# SOURCE MATERIAL:

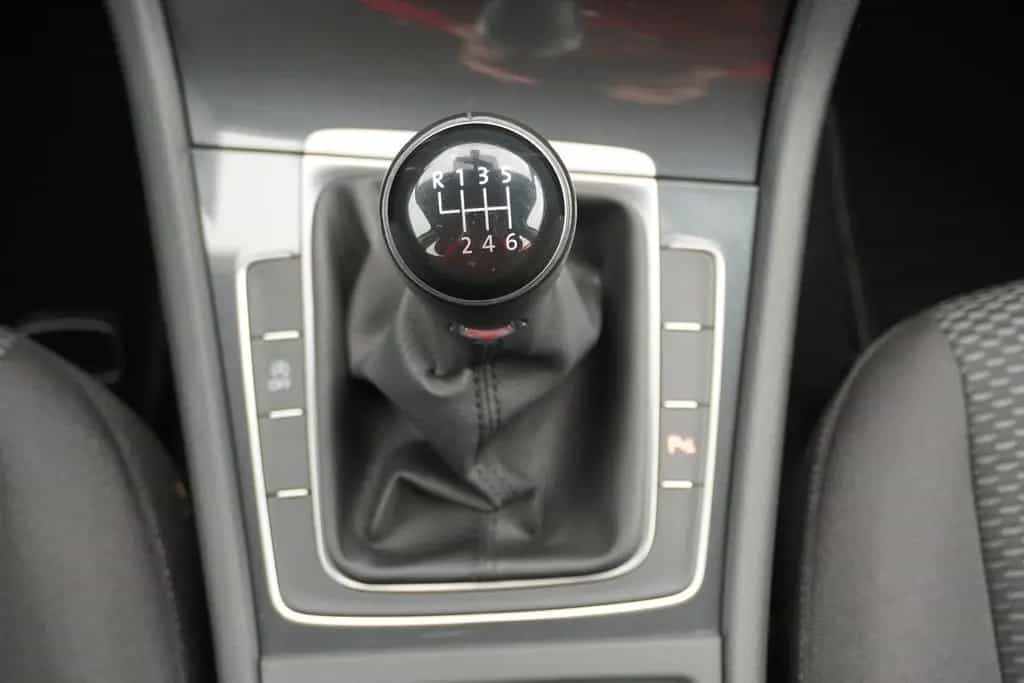 Volkswagen Golf VII 1.5 TSI Klimaaut. Navi PDC Sitzheizung 08/2020-photo-17
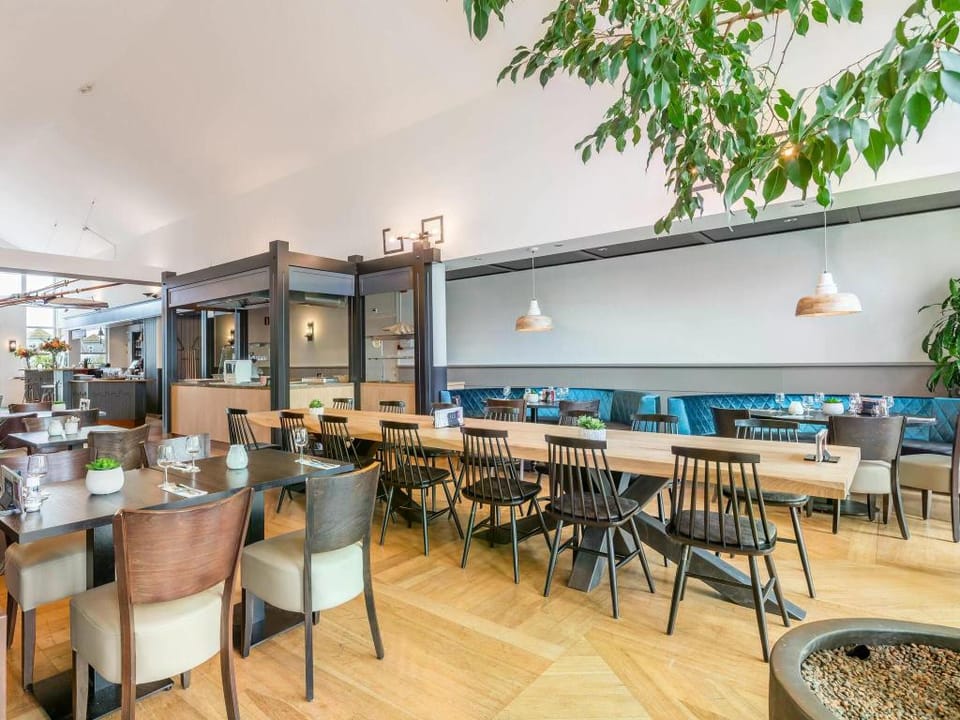 Tatched villa with dishwasher, 1 km from the beach Hotel in Kamperland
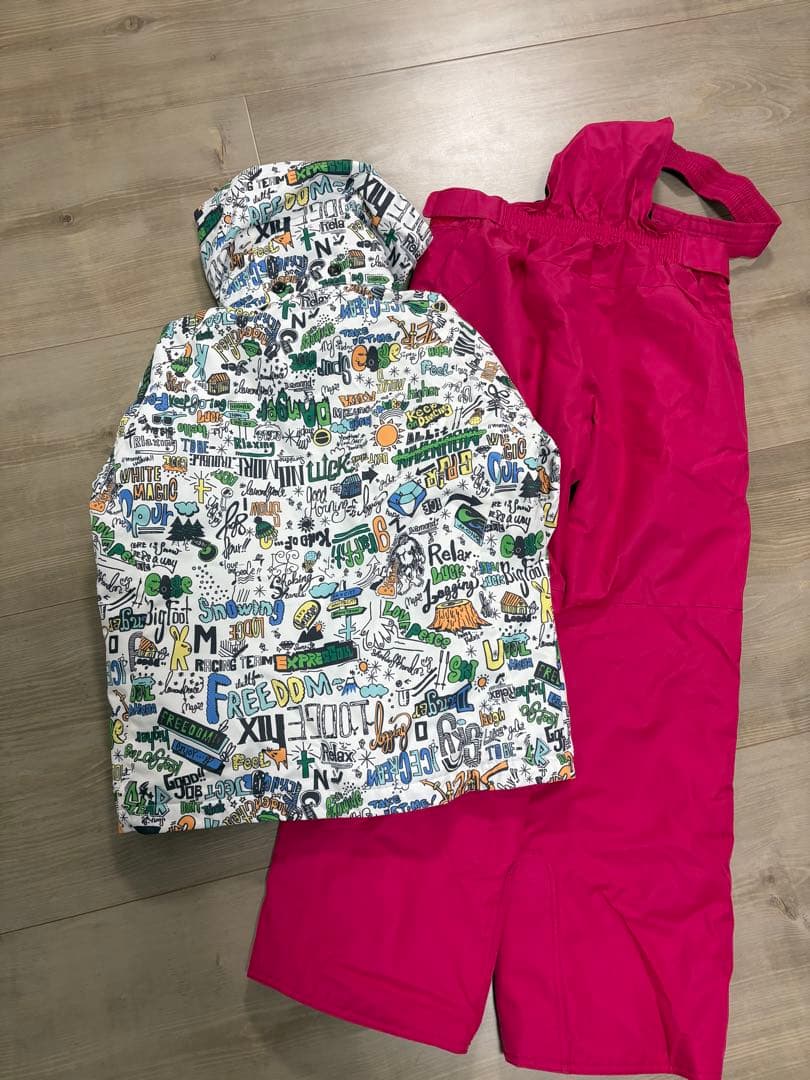 美品　子供用スキーウェアセット（ジャケット・パンツ・手袋）　140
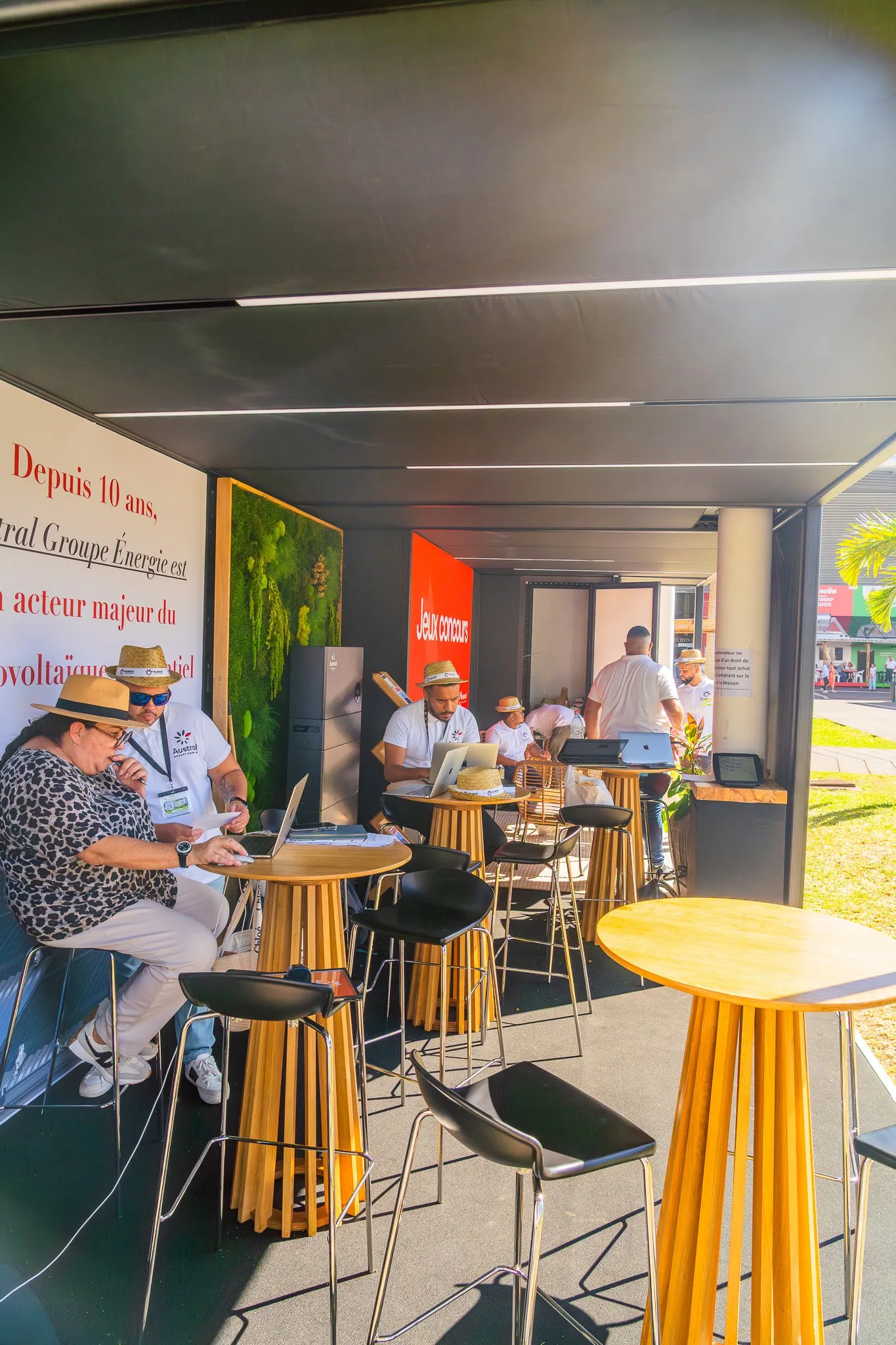 Stand Austral Groupe Énergie « 10 ans à vos côtés », La Réunion — espace rendez-vous et écran Jeux concours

# WORK REQUIRED:
Omit the pictures, then print the rest of the listing above exactly.

# SOLUTION TO THIS EXERCISE:
 Volkswagen Golf VII 1.5 TSI Klimaaut. Navi PDC Sitzheizung 08/2020-photo-17
 Tatched villa with dishwasher, 1 km from the beach Hotel in Kamperland
 美品　子供用スキーウェアセット（ジャケット・パンツ・手袋）　140
 Stand Austral Groupe Énergie « 10 ans à vos côtés », La Réunion — espace rendez-vous et écran Jeux concours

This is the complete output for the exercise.